Segment Open

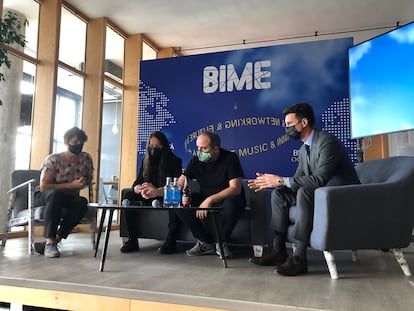 Rueda de prensa de presentación de la novena edición del BIME.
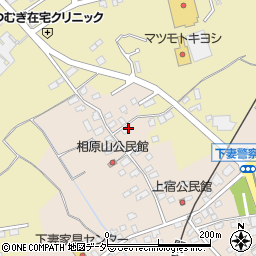 茨城県下妻市下妻乙24周辺の地図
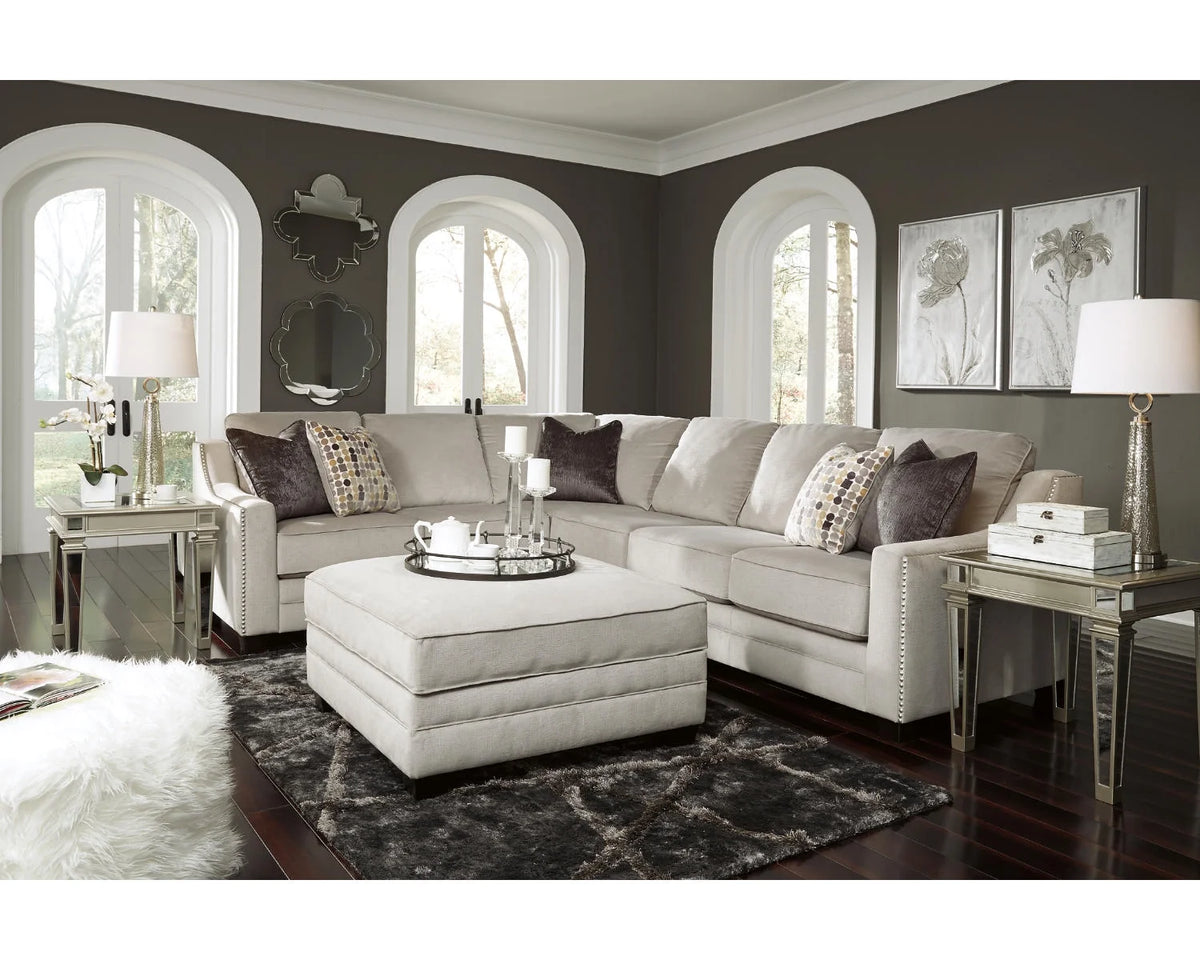 Silver End Table P1404
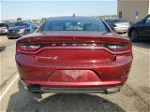 2021 Dodge Charger Sxt Burgundy vin: 2C3CDXJG0MH682986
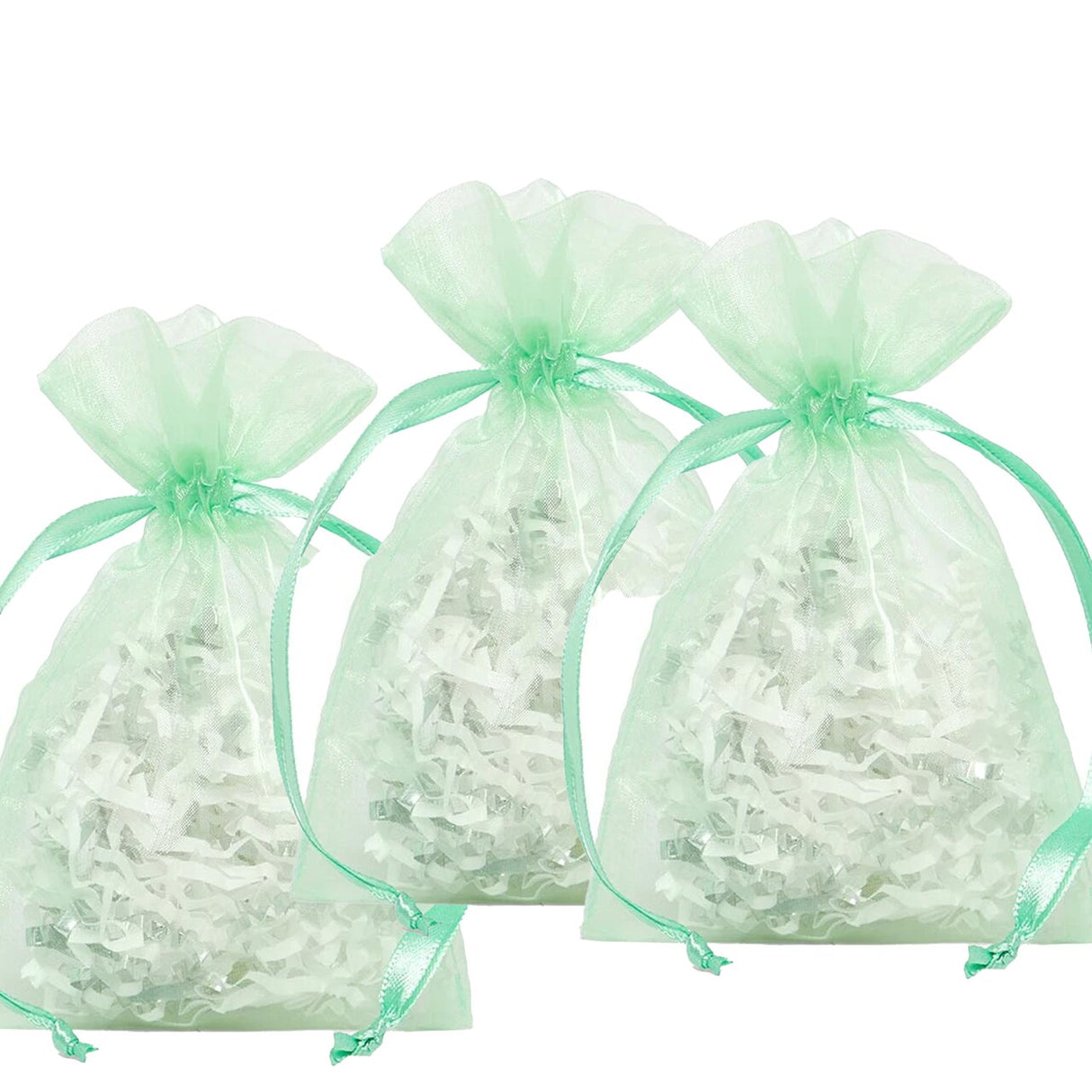 Mini Organza Pouch 6” x 9” for Small Present Packaging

Segment Closed

- PROBLEM DETAILS -
Starting at the line that contains "2021 Dodge Charger", reproduce every line through the last one in the records exactly, and omit all pictures.

- EXERCISE OUTPUT -
 2021 Dodge Charger Sxt Burgundy vin: 2C3CDXJG0MH682986
 Mini Organza Pouch 6” x 9” for Small Present Packaging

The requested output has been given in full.